Let's run down the list of interviews and candidates for the Bears' head-coaching position:
- Falcons special teams coordinator Keith Armstrong
Broncos offensive coordinator Mike McCoy (although not according to ESPN, who mention the interview as a "get-to-know-you" interview instead of as an "interview for a head coaching job.")
- Buccaneers offensive coordinator Mike Sullivan
- Cowboys special teams coach Joe DeCamillis
- Packers offensive coordinator Tom Clements
- Saints offensive coordinator Pete Carmichael
- Colts offensive coordinator/interim head coach Bruce Arians
Then there's the possibility of college coaches entering the fray, such as Chip Kelly of Oregon, Penn State's Bill O'Brien (nope), and Alabama's
snake oil salesman Nick Saban, as well as the possibilities of TV personalities Jon Gruden and Bill Cowher both "available" (though Gruden's been rather anti-"leaving the booth"), former head coaches such as Norv Turner, the Bears' own special teams' coordinator Dave Toub, and even Mike Holmgren. Put bluntly, there's so many coaching candidates and such a number of interviews that I suspect Phil Emery doesn't go one morning without asking the mailman in the morning or the checkout clerk at Starbucks if they're interested in the Bears' head-coaching position.
But are the Bears and Emery trying to do too much in too little time? Emery hopes to have the head-coaching spot filled by January 19, before the East-West Shrine Game, which seems a little on the optimistic side. But four of those seven interviewees are playoff contenders, which means that if Emery decides his man is one of those four, and that team makes a deep playoff run, the Bears could be coachless until February - and that's if the coaching candidate chooses the Bears, too.
One of the risks the Bears also run of doing detailed due diligence with each candidate is one of the other five teams (with Andy Reid going to Kansas City all but certain) making an immediate offer to one of the Bears' favored candidates.
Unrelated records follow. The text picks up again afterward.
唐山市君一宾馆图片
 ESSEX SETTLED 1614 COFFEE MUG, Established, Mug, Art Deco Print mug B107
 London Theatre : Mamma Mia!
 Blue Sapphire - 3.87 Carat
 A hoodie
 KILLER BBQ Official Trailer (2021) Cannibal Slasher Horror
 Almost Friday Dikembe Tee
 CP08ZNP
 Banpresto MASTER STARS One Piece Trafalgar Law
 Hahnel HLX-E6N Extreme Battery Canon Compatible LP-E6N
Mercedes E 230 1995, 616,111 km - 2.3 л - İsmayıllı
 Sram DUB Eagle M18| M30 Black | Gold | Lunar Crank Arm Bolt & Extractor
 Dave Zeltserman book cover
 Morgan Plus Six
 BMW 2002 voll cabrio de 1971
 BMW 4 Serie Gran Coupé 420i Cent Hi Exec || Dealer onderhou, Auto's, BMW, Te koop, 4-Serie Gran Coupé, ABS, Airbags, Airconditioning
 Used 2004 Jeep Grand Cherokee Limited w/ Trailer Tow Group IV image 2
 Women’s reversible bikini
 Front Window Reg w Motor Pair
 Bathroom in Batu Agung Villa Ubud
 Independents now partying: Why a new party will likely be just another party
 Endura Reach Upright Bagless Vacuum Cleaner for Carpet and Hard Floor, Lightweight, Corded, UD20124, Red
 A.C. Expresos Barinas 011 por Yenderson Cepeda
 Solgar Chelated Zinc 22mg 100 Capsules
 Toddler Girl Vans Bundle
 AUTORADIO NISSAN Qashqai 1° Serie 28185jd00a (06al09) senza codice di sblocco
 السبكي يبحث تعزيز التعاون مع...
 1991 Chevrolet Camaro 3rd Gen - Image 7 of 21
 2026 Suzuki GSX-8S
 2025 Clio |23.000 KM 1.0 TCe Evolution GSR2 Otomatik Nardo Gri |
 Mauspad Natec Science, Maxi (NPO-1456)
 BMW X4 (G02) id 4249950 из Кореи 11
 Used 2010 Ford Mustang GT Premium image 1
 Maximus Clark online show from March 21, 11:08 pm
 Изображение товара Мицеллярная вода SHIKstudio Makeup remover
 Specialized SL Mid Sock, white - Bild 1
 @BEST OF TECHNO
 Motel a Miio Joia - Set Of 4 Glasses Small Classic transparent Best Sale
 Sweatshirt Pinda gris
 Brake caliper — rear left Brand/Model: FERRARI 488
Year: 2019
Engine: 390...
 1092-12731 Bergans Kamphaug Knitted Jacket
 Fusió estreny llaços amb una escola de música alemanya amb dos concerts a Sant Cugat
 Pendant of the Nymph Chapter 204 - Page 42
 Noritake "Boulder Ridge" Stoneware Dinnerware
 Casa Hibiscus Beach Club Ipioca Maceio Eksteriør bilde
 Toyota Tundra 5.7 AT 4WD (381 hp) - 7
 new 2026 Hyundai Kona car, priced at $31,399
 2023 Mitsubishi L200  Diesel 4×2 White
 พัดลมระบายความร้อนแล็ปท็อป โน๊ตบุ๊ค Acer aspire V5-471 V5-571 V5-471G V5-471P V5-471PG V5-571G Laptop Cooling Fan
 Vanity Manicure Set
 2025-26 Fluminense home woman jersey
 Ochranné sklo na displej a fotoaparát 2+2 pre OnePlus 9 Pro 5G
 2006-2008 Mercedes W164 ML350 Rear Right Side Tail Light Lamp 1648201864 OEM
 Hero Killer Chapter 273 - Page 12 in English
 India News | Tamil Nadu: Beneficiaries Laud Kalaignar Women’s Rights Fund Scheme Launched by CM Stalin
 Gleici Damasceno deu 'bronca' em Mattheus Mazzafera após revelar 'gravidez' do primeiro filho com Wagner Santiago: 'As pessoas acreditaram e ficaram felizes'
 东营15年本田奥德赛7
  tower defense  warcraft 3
McCoy is a much-tossed-around name with no shortage of suitors, and I expect more teams to come after Arians after the job he did this past season with the Colts while Chuck Pagano underwent treatment.
The tricky thing is identifying one candidate is better than another. If the Bears decide they have a candidate, and he's still in the playoffs, I have a sneaking suspicion that "deadline" will just kind of fade away. But if their guy is available and the Bears identify him as superior to the other candidates, the quicker the Bears move on him, the better.